But it helps to look at it from a different perspective. What was the total amount of energy they got per gram of HHO hydrogen?  Assuming that the genset was about 15% efficient (and I did calculations on specs of what appeared to be a comparable product) then 85% of the energy produced was wasted. That works out to around 1.5 megajoules per gram of hydrogen.  The low heating value of hydrogen is 0.11996 megajoules per gram.  That is a factor of roughly 13, certainly over unity.

The same thing could be done with a more efficient engine, generator and maybe some sort energy recovery such as a microturbine attached to the exhaust that runs a generator that could power the electrolysis system. (The amount of energy that goes out through the exhaust is roughly equal to the amount of output energy produced by the engine.) The data produced by the Olive Valentin project seems rather approximate but based on the yeild value, a 1 megawatt unit might require an electrolyzer with a capacity of about 250 kilowatts.  Certainly significant but initial and maintenance costs are more likely to be manageable given the size of such a unit.
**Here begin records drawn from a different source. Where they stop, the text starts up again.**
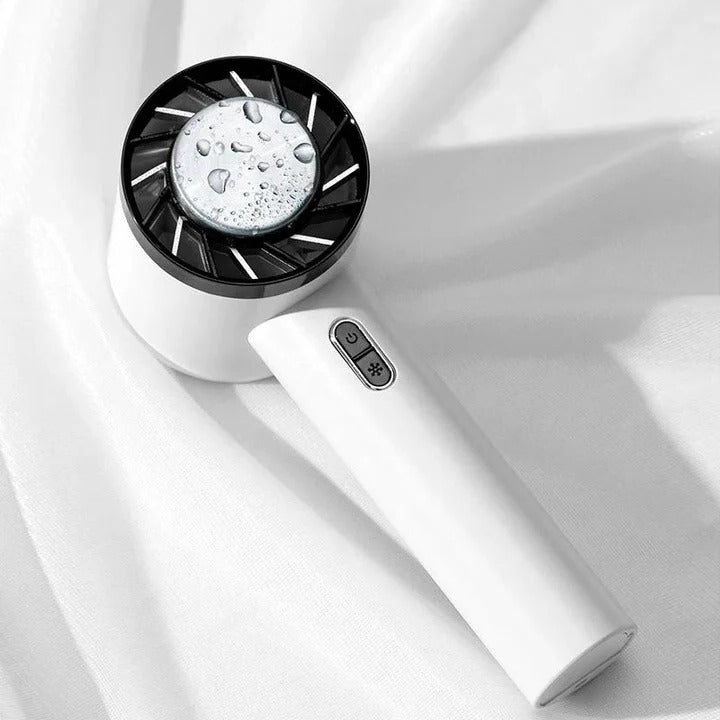 Portable USB Desktop Air Cooler Fan with Adjustable Speed Control - Compact & Efficient Cooling Solution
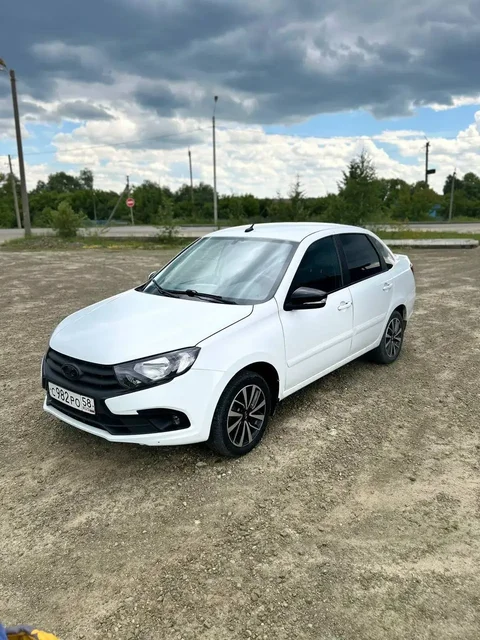 Lada Granta 2023, 46 тыс. км - Седан в Саранск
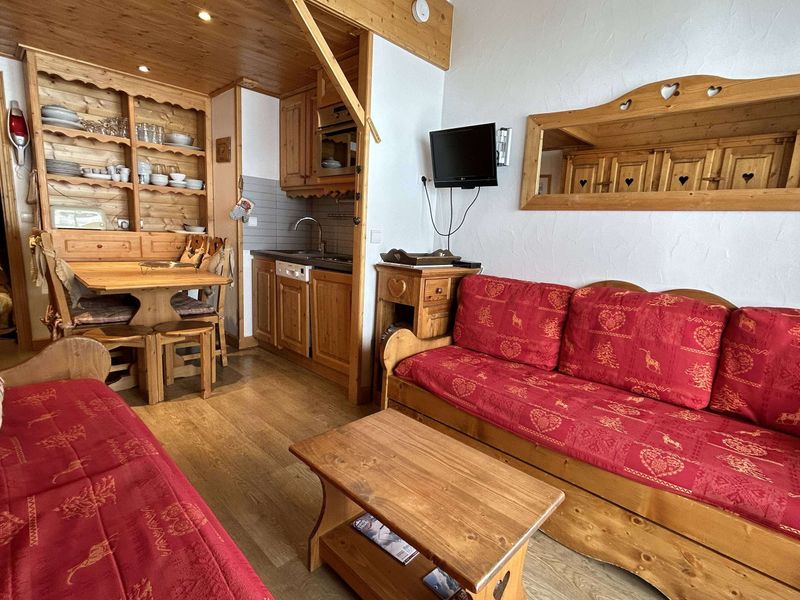 3 pièces cabine 6 personnes - Appartement Pralin MO-PRA1110 - Méribel Mottaret 1850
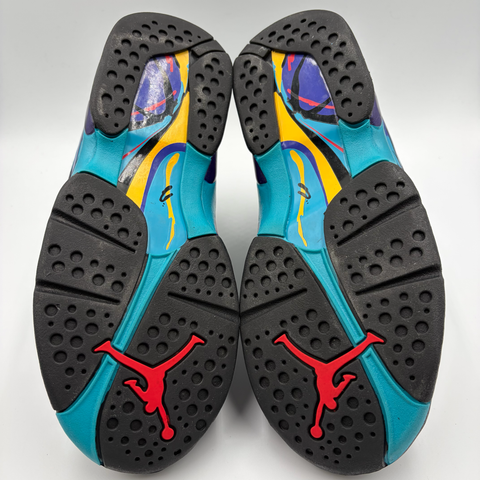 Air Jordan 8 Retro 'Aqua (2025)' | GS 7Y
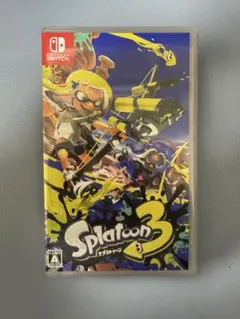 Splatoon 3 Nintendo Switch ソフト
In another calculation,  I noticed that this yield value is much higher at very low concentrations of HHO.   On two different engine tests, it averaged a net yield of 6 megajoules per gram of hydrogen where the volumetric concentration was about 0.1%. 

In the Oliver Valentin project the concentration was about 5% and the yield was 1.5 MJ/gram. 
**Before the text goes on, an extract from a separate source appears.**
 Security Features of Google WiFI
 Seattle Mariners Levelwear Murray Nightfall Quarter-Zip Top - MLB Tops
So what about all the concentrations in between? Maybe the yield effect is self inhibiting, so a plot of yield versus concentration might be a linear function.  Total energy produced would equal the product of the yield value and grams of hydrogen present.   

The total energy produced as a function of concentration would then be a quadratic equation. It would have maxima at around 2%.  The total concentration of hydrogen has to be above the combustability limit of 4% so that a reaction occurs when the spark goes off.  So we would need another 2% regular diatomic hydrogen to get us to 4%.

The total amount of energy at 2% HHO comes out 2.5 times greater than the amount at 4%.  So a 50/50 mixture of HHO and hydrogen may produce 2.5 times more energy than the same amount of HHO by itself.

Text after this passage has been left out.